I've discovered a strange performance problem: replacing a daxpy() call with daxpby() significantly degrades program scalability. I've written a simple test case (hopefully attached) which shows that, while daxpy() performance increases as I increase the number of threads, daxpby() performance remains completely unchanged. It's as if daxpby() isn't parallelized!
I'm using dense, aligned, million-element vectors of doubles. The vectors are uninitialized, but that shouldn't matter, and I'm using the same vectors for both calls.
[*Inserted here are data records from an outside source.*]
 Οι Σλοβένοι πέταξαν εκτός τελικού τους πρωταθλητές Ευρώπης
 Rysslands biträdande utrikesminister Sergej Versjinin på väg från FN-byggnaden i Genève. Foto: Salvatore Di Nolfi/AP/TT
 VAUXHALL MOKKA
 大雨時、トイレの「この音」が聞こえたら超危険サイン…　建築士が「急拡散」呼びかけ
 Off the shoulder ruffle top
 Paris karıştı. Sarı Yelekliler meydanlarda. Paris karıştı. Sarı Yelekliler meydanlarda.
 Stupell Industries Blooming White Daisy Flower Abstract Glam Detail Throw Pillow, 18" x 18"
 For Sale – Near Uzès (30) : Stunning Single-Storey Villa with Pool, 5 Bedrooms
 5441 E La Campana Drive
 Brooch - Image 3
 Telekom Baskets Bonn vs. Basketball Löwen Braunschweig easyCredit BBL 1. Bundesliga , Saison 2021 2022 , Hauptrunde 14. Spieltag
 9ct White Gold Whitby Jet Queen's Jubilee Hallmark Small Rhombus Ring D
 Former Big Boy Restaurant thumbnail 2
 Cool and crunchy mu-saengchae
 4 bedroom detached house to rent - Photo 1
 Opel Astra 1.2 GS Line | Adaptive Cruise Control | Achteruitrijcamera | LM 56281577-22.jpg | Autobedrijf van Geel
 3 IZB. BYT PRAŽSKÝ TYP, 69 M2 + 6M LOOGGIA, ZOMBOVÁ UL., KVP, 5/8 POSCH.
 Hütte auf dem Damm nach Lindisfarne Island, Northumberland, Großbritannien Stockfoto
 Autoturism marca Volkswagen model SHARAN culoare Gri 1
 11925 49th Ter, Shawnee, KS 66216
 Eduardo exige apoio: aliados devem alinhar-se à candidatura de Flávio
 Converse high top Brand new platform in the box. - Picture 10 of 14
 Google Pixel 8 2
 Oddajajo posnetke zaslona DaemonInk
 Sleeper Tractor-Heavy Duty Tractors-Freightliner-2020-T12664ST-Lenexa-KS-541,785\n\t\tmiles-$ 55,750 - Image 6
I see the same behavior with mkl_2013.0.079 and mkl_2013_sp1.1.106.
Here's my program's output:
Threads=1; 1450.095253 daxpy() calls/sec
Threads=1; 1391.271988 daxpby() calls/sec
Threads=2; 2810.048711 daxpy() calls/sec
Threads=2; 1387.726834 daxpby() calls/sec
Threads=3; 4056.252211 daxpy() calls/sec
Threads=3; 1371.165840 daxpby() calls/sec
Threads=4; 5288.407756 daxpy() calls/sec
Threads=4; 1390.385973 daxpby() calls/sec
Threads=5; 6248.746533 daxpy() calls/sec
Threads=5; 1394.361390 daxpby() calls/sec
Threads=6; 7418.605490 daxpy() calls/sec
Threads=6; 1388.381384 daxpby() calls/sec
Threads=7; 8796.486642 daxpy() calls/sec
Threads=7; 1384.350895 daxpby() calls/sec
Threads=8; 9896.086698 daxpy() calls/sec
Threads=8; 1387.321742 daxpby() calls/sec
Note that the number of daxpy() calls per second increases as the number of threads increases, while the daxpby() throughput remains constant.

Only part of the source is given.